Pues bien, al principio todo parecía prometer un estupendo día de fiesta, y cuando llegamos ya había un montón de gente ya que las chicas brasileñas que viven con nosotros se despertaron a última hora y salimos más tarde de lo que queríamos. Pero justo fue llegar nosotros y buscar un sitio para ubicarnos cuando en una canoa y por el río venían un grupo de maoríes con trajes típicos, o sea un taparrabos y un trozo más de piel tapando algo más pero dejando ver todos los tatuajes que tienen por el cuerpo, y algún que otro por la cara. Llegaban remando y el jefe dirigía la embarcación con unos gritos graves, lo cual indicaba cuándo tenían que remar. Una vez que desembarcaron, todo el mundo empezó a migrar hacia otra parte cercana, donde empezaron a sentarse en el suelo alrededor de un escenario. Dicho escenario estaba ubicado dentro de un camión, jejeje imaginaros un camión articulado de dos ejes, jejeje no de los grandes sino mediano, subir la lona de una de las partes mas largas y voilá!!! Ese era el escenario. A mi parecer como si fuera muy improvisado, pero es que era así.

Bien, aquí empieza lo gracioso porque yo me imaginaba que esto sería una especie de show en los que los maoríes representarían varias canciones típicas, entre ellas las famosas "hakas", pero fue un poco distinto.

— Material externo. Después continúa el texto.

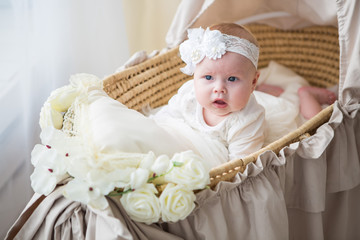 Little baby girl in a beautiful dress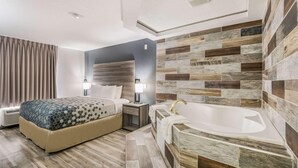 A hotel room with a bed, bedside table, lamp, and a bathtub. - Econo Lodge Inn & Suites Des Moines - Merle Hay Rd (Des Moines)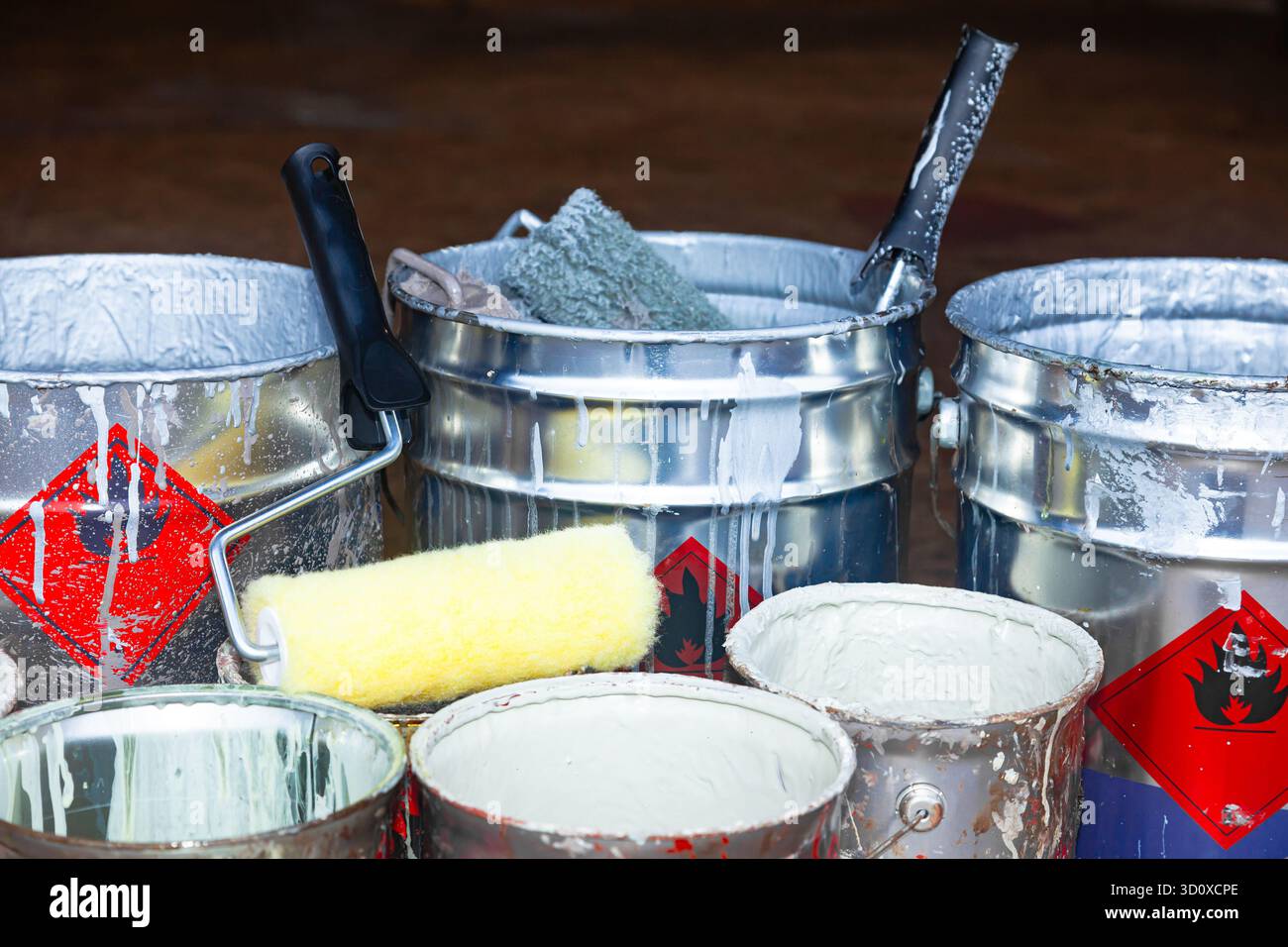 Empty paint buckets containing used rollers and brushes. Stock Photo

Pasaron por el camión varias personas hablando de la historia y de la importancia de este día para toda la kiwi people; después los que llegaron en barca, unos fornidos y temibles maoríes, representaron una pequeña haka y se fueron, y al irse la gente que estaba sentada empezó a levantarse y a deambular por la zona; hacia un sol de justicia y yo, aunque antes de salir de casa me había puesto mi protector solar en la carita, veía que eso era para largo y no me había traído el bote... Empecé a deambular yo también por los puestos de comida, de casetas con diccionarios en maorí, y poca cosa más. Fuimos por la comida al coche y allí, entre toda la gente sentada en el césped, nosotros plantamos cuatro sillones de éstos de pesca, nuestro mantel puesto y zampando sándwiches y pastel a diestro y siniestro.

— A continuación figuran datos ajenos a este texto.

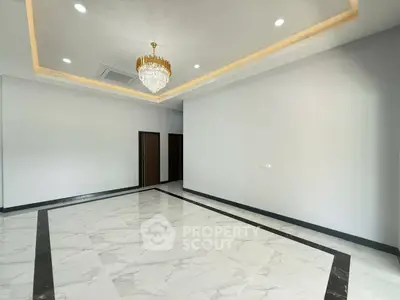 Spacious modern living room with elegant chandelier and marble flooring.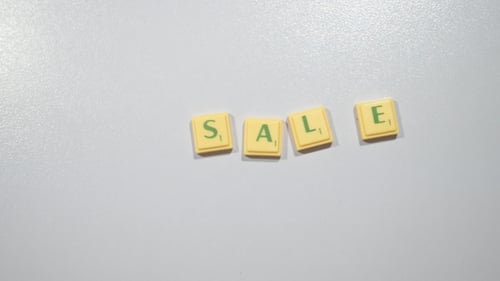 Hand Spells Out "Sale" with Letter Tiles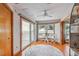 Sitting area with hardwood floors, ceiling fan, and water views at 119 Carlyle Cir, Palm Harbor, FL 34683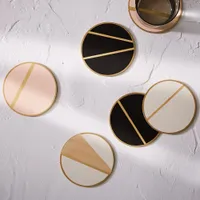 15. The Vintage Vogue Linea coasters | $29 at West Elm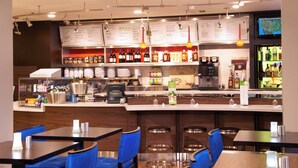 A restaurant with a bar area, blue chairs, and a menu board. - Courtyard by Marriott Toledo Maumee/Arrowhead (Maumee)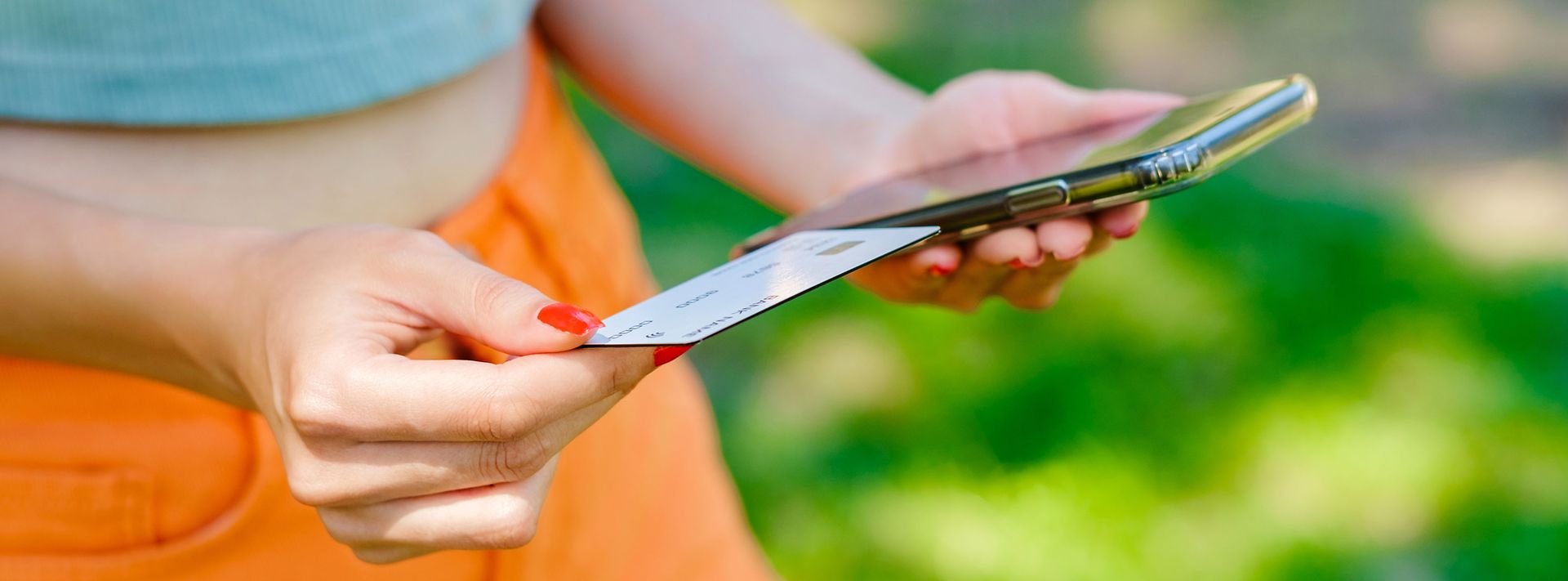 © istock/Burak Guler weibliche Hände halten ein Handy und eine Scheckkarte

Por el escenario iban pasando personas que me imagino que eran del pueblo, uno tocando un instrumento chino, otras bailando, otra cantando y un largo etc... Hasta que llegó otra vez lo que yo estaba esperando ya con ansiedad, pues lo que estaba viendo era más que aburrido... Llegaron los Maoríes!!! Pero, muy a mi pesar, ya no fueron los mismos que vinieron en la barca, sino unos preadolescentes pubescentes que intentaron enseñarnos a bailar la haka paso a paso. Lo hicimos como 20 veces, lo juro, lo tengo todo grabado en video y por fin todo terminó!

Bien, bien!!! Dije yo cuando nos metimos ya en el coche para volver a casita, pues tenía la cabeza ya un poco tocada de tanto sol, pero como soy un machote yo ni me quejaba, jejeje. A mitad de camino a la Superabuelita se le ocurrió otra idea, pero eso es otra historia, y para que no se haga superlargo esto vamos a separar las cosillas.

Besos a todos que como dicen por aquí son gratis!